Collaborators

Charles Grey (producer of “Mother, The Wardrobe Is Full Of Infantrymen”)
Grey worked with Jim Thirlwell on the You’ve Got Foetus On Your Breath releases, Zeke Manyika (Mastercrime) & Marc Almond (Jacques). Previously a Doctor of Physics.

Christopher Logue (1926 – 2011)
Peter Cook’s Establishment Club’s resident poet and writer for ‘Private Eye’, which was printed in Agnes Bernelle’s dressing room in the early days. Actor.

Desmond Leslie (1921 – 2001)
Married to Agnes, author of several books including the first of its kind ‘Flying Saucers Have Landed’. He began using Musique Concrete in the sixties – a movement leading directly to synthesizers & electronic backing tracks. Long-time collaborator.

Agnes with Desmond Leslie
Agnes Bernelle & Desmond Leslie

Marc Almond (1957 – )
Singer and author, best known for the duo Soft Cell. Work includes experimental project Marc and the Mambas, collaborations with Coil & Current 93, and varied solo recordings.

Kept Boy performance
Agnes Bernelle & Marc Almond performing “Kept Boy”

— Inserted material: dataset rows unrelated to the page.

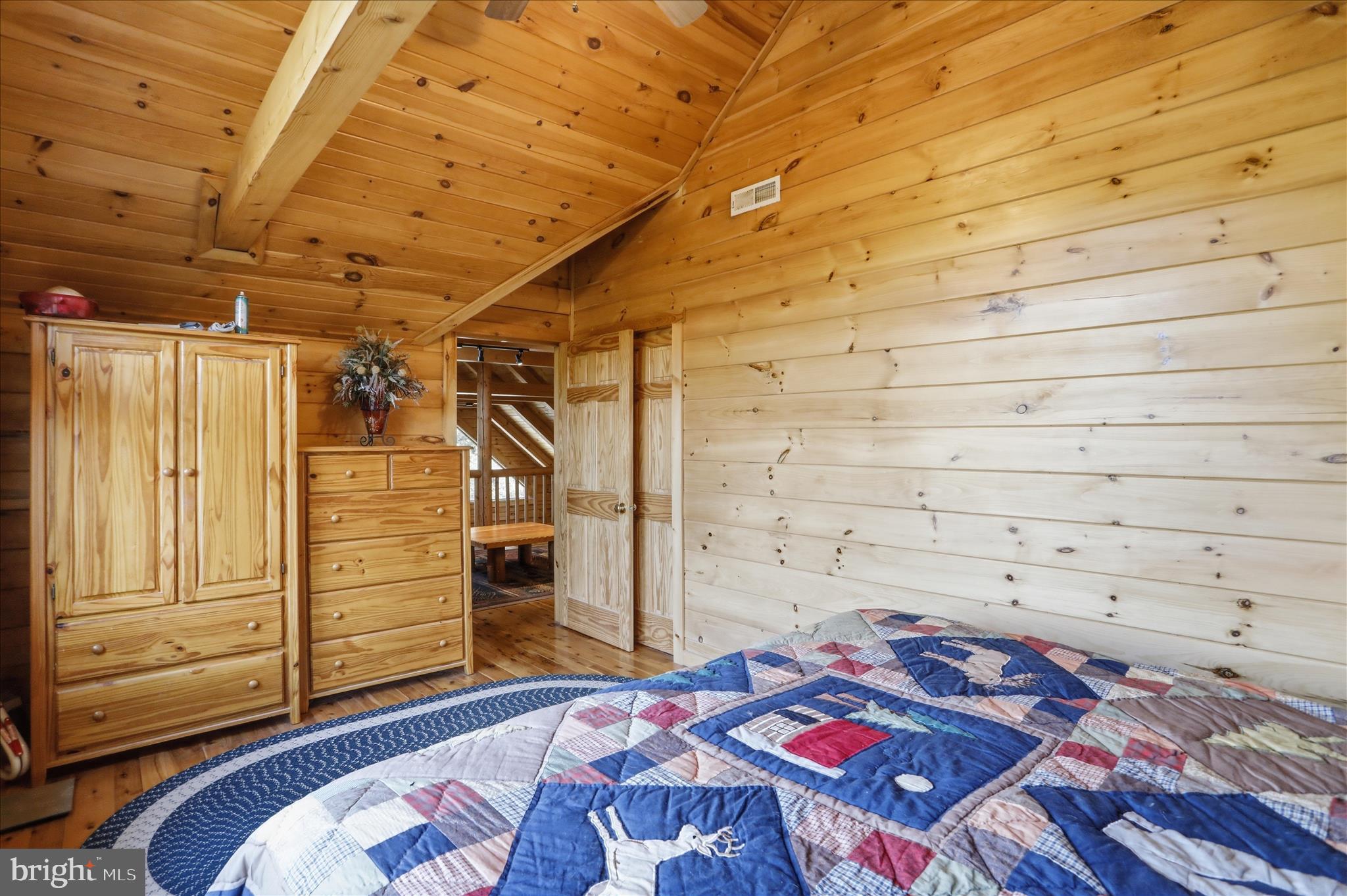 4 Parsons Ridge Road Romney, WV 26757 - Photo 31 of 58 a bedroom with a bed and a dresser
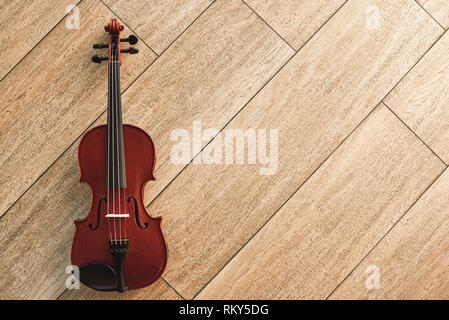 Classic musical instrument. Top view of the brown violin lying on the light wooden floor. Musical instruments. Music equipment. Music background Stock Photo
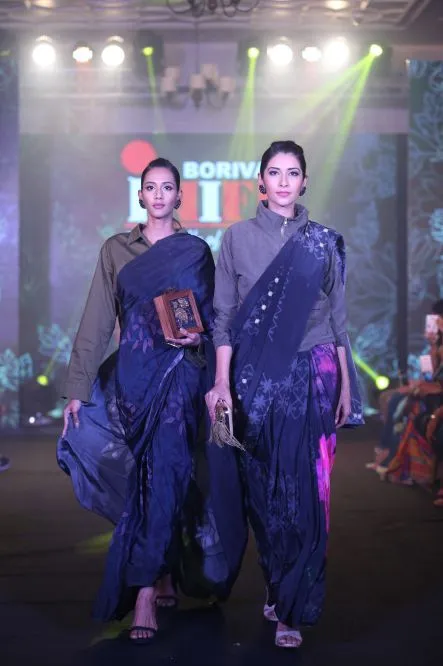 Model Walks The Ramp At Layer'M 2019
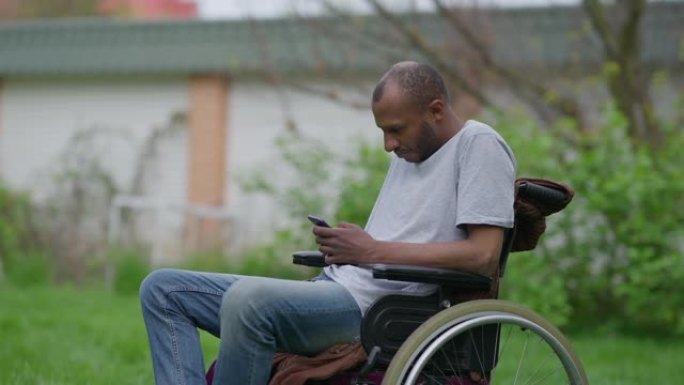 坐在轮椅上的瘫痪的非洲裔美国男子在慢动作的智能手机上浏览社交媒体的中景侧视图。集中残疾人在夏季户外花
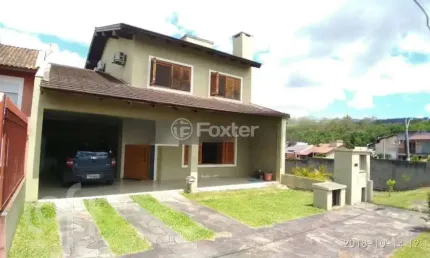 Casa em condomínio fechado com 3 quartos à venda na Rua Erny Ludwig, 135, Mário Quintana, Porto Alegre, 270 m2 por R$ 897.000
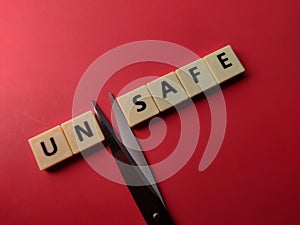 Closeup toys letters with the word UNSAFE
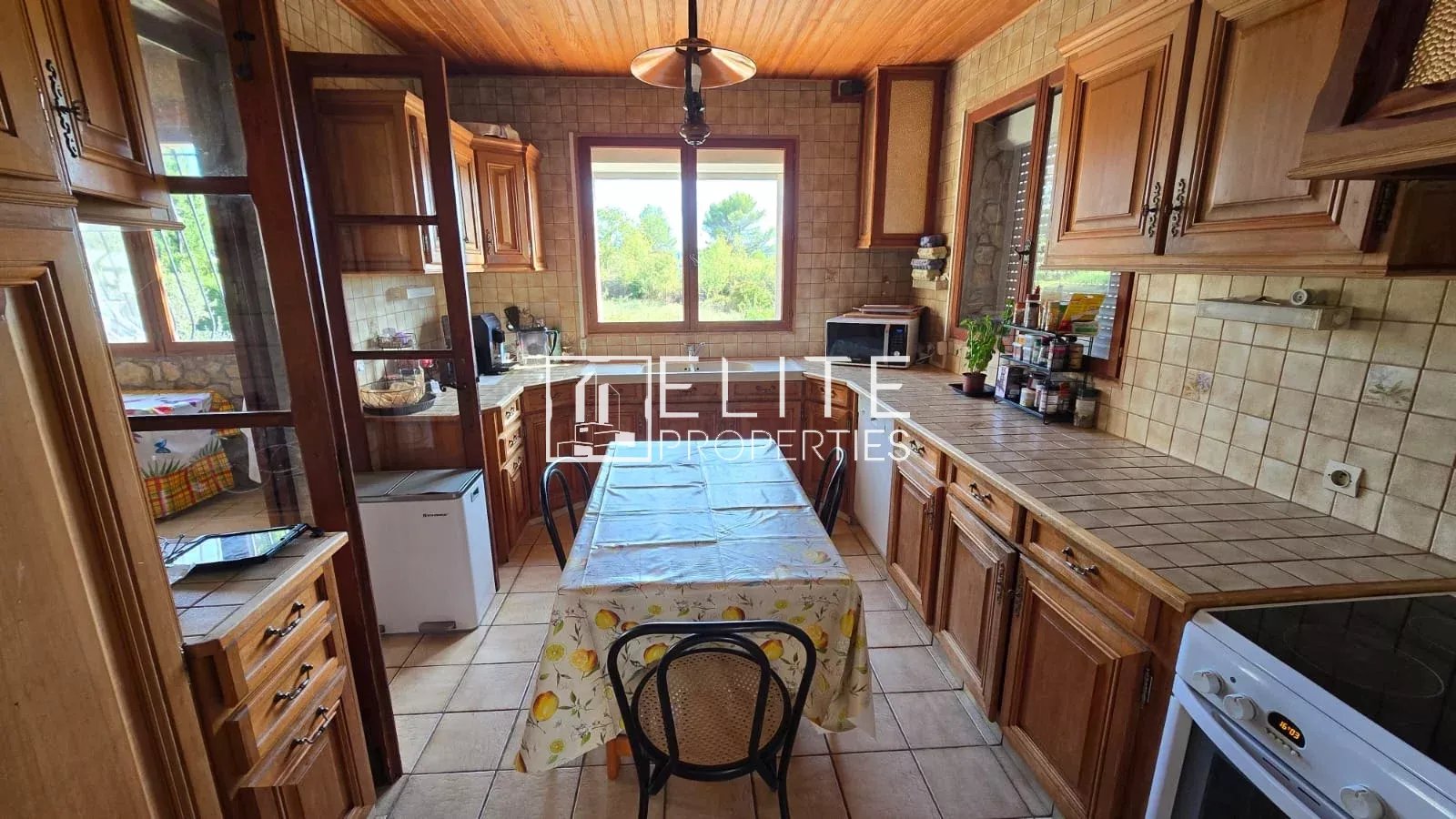 Cuisine de maison en pierre à Mouans-Sartoux Cuisine d'une maison en pierre avec meubles en bois et table à manger, située à Mouans-Sartoux.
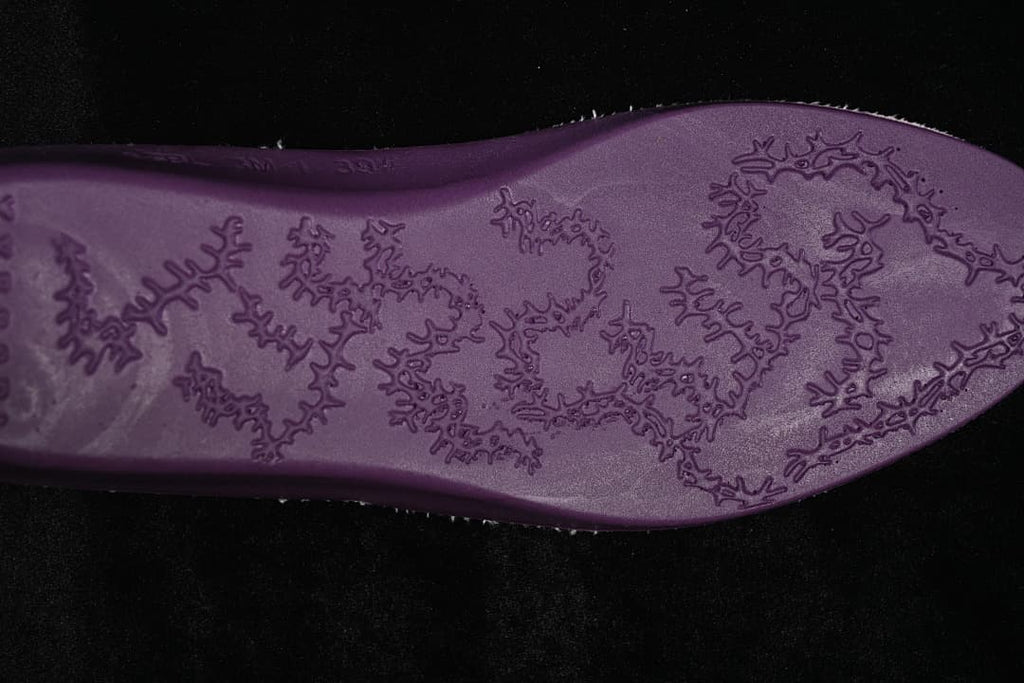 Close-up of the sneaker outsole with an irregular raised pattern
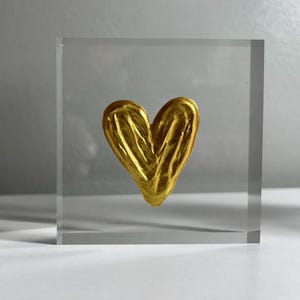 May include: A golden heart sculpture encased in a clear, square acrylic block. The heart has a textured surface and is centered within the block. The background is a gradient of gray and white.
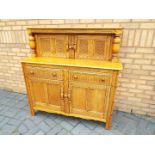 A large sideboard approximately 129 cm x 125 cm x 50 cm.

Micheal Dress (1935 – 1975)
Growing up in Germany and relocating to London, he taught expressionist dance before becoming Agnes’ musical director. He wrote an opera for the BBC, composed for the theatre & scored many films, as well as painting.

Peter Maxwell Davies (1934 – )
English composer and conductor.

Philip Chevron (1957 – 2013)
Producer & lead guitarist of The Pogues, member of The Radiators, musical director of Agnes’ production of ‘Lysistrata’ and backing musician in her shows, he wrote her first single ‘Kitty Ricketts’ and he co-wrote the musical ‘Tha Ha’Penny Place’ in which she starred on stage.

Agnes with Phil Chevron
Agnes Bernelle & Phil Chevron

Rudolf Bernauer (1880 – 1953)
Agnes’ father was born in Budapest, and after moving to Berlin he became one of the most prominent theatre producers, owning 4 theatres by the age of 30 & directing plays such as Wedekinds’ Lulu & Strindberg’s Dreamplay.

Stanley Myers (1930 – 1993)
Bernelle met Myers at Peter Cook’s Establishment Club, he would later compose the Cavatina for the Deerhunter.

Tom Waits (1949 – )
Agnes Bernelle complained of ‘a very strange young man’ pestering her to perform his song. He turned out to be Tom Waits. ‘Broken Bicycles’ appeared in ‘One From the Heart’, and he suggested Agnes should sing it - it appears on “Mother, The Wardrobe Is Full Of Infantrymen”.

Performed Songs By:

Frank Wedekind (1864 – 1918)
Considered by many as the Father of Modern Theatre, influential on a young Bertolt Brecht & in opposition to bourgeois hypocrisy & an advocate of sexual liberation.

Joachim Ringelnatz (1883 – 1934)
A sailor at 18, he earned money reciting ballads & playing the mandolin. Opened a tobacco shop which doubled as an impromptu cabaret. After the WW1 he contributed to an important left-wing magazine. From the early twenties he was attacked by the right-wing press & his work was banned by the Nazi’s in 1933.

Klabund (1890 – 1928)
Writer of the first version of The Caucasian Chalk Circle. Close friend of Brecht’s.